▶ [Problem to work on] Repeat the data that follows in full. Do not include the pictures.

▶ [Dataset extract]

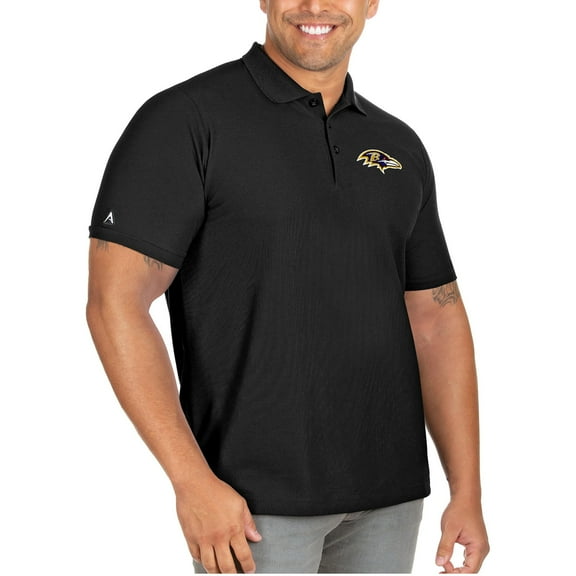 Men's Antigua Black Baltimore Ravens Big & Tall Legacy Pique Polo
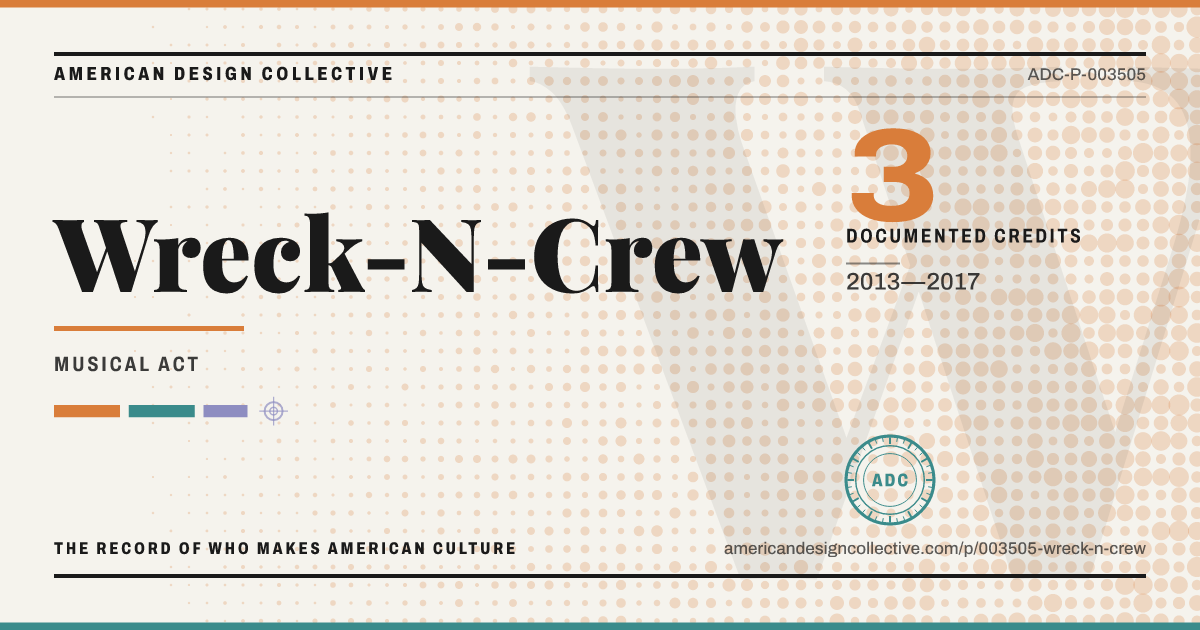 Registry card for Wreck-N-Crew: the ADC seal, Wreck-N-Crew, and how much is on record.
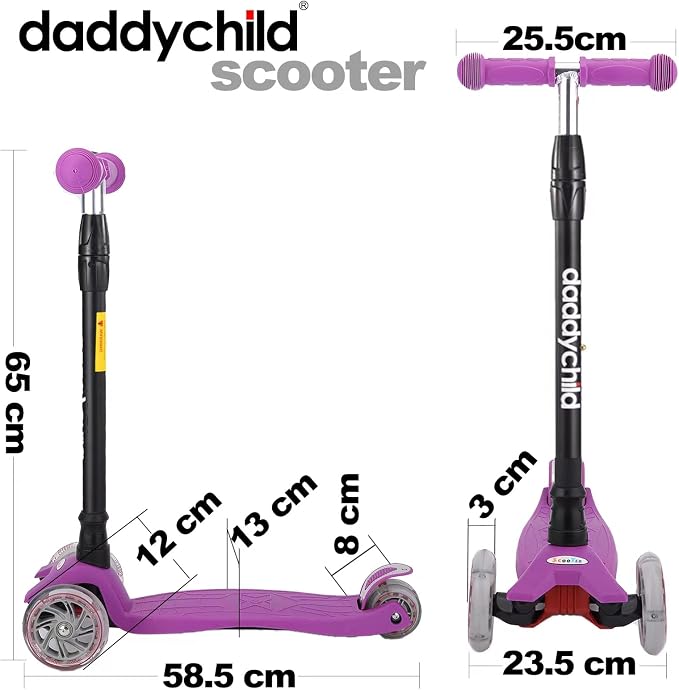 Scooters for Kids 3 Wheel Kick Scooter for Toddlers Girls & Boys, 4 Adjustable Height, Lean to Steer, Extra-Wide Deck, Light Up Wheels for Children from 3 to 14 Years Old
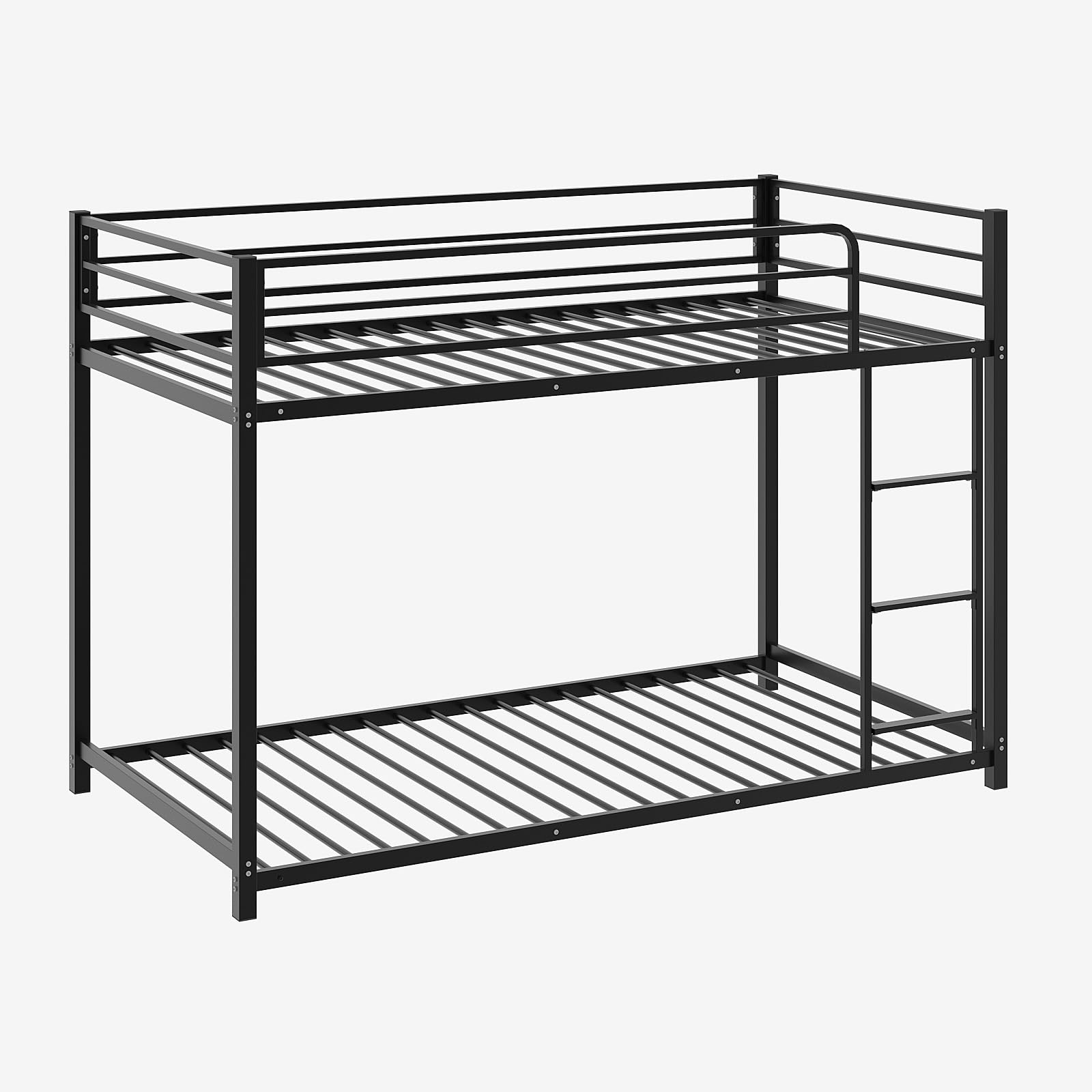 JOYMOR Metal Low Bunk Bed Twin Over Twin Bed Frame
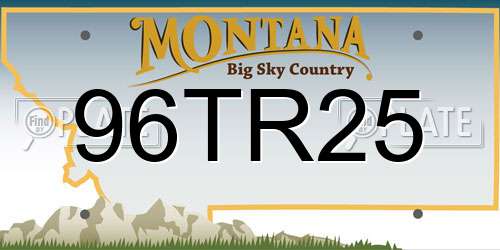 96TR25 Montana License Plate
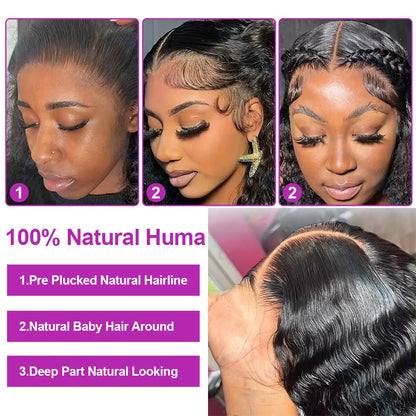 Transparent 250% Density Water Culry 360 Full Lace Frontal Wig Human Hair 40Inch Deep Wave 13x4 13x6 Hd Lace Front Wig For Women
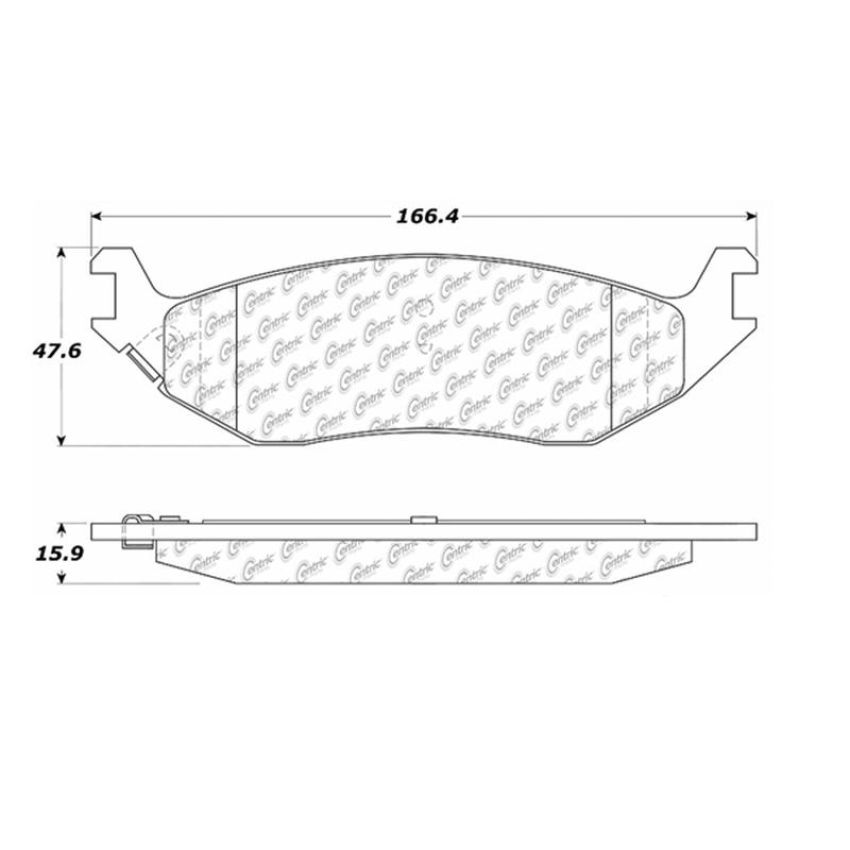 CENTRIC PARTS 106.08980 Posi Quiet Extended Wear Brake Pads with Shims and Hardware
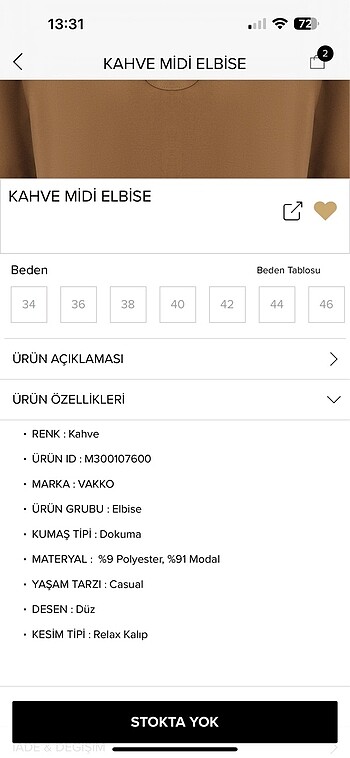 34 Beden kahverengi Renk Kahve Midi Elbise Vakko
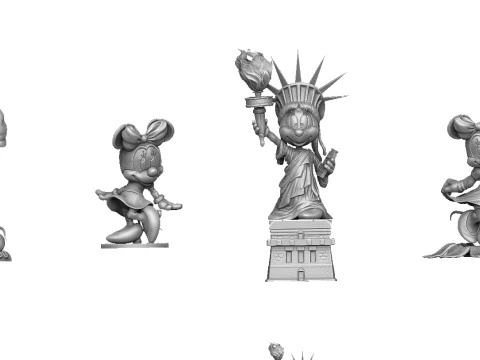Minnie Mouse 4 options for 3D Printing STL 3D Print Model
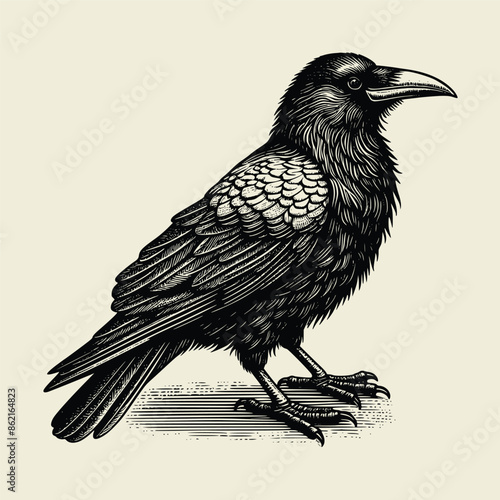 Crow  vector illustration with old engraving style. handrawn crow vector illustration vintage retro style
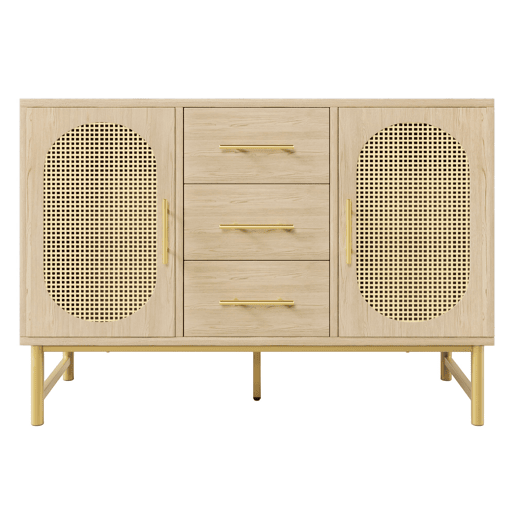 Cômoda Rattan 120x40x74 cm - 3 gavetas, 2 portas de rattan, prateleiras ajustáveis, Sonoma Roble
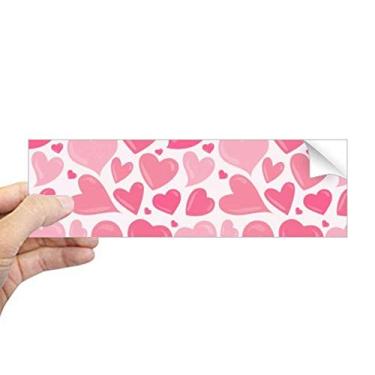 Imagem de DIYthinker Adesivo de para-choque retangular rosa lindo coração dia dos namorados decalque para janela notebook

▶ [Exercise output]
 Men's Antigua Black Baltimore Ravens Big & Tall Legacy Pique Polo
 Registry card for Wreck-N-Crew: the ADC seal, Wreck-N-Crew, and how much is on record.
 Scooters for Kids 3 Wheel Kick Scooter for Toddlers Girls & Boys, 4 Adjustable Height, Lean to Steer, Extra-Wide Deck, Light Up Wheels for Children from 3 to 14 Years Old
 JOYMOR Metal Low Bunk Bed Twin Over Twin Bed Frame
 96TR25 Montana License Plate
 Transparent 250% Density Water Culry 360 Full Lace Frontal Wig Human Hair 40Inch Deep Wave 13x4 13x6 Hd Lace Front Wig For Women
 CENTRIC PARTS 106.08980 Posi Quiet Extended Wear Brake Pads with Shims and Hardware
 34 Beden kahverengi Renk Kahve Midi Elbise Vakko
Minnie Mouse 4 options for 3D Printing STL 3D Print Model
 Crow  vector illustration with old engraving style. handrawn crow vector illustration vintage retro style
 Cômoda Rattan 120x40x74 cm - 3 gavetas, 2 portas de rattan, prateleiras ajustáveis, Sonoma Roble
 Imagem de DIYthinker Adesivo de para-choque retangular rosa lindo coração dia dos namorados decalque para janela notebook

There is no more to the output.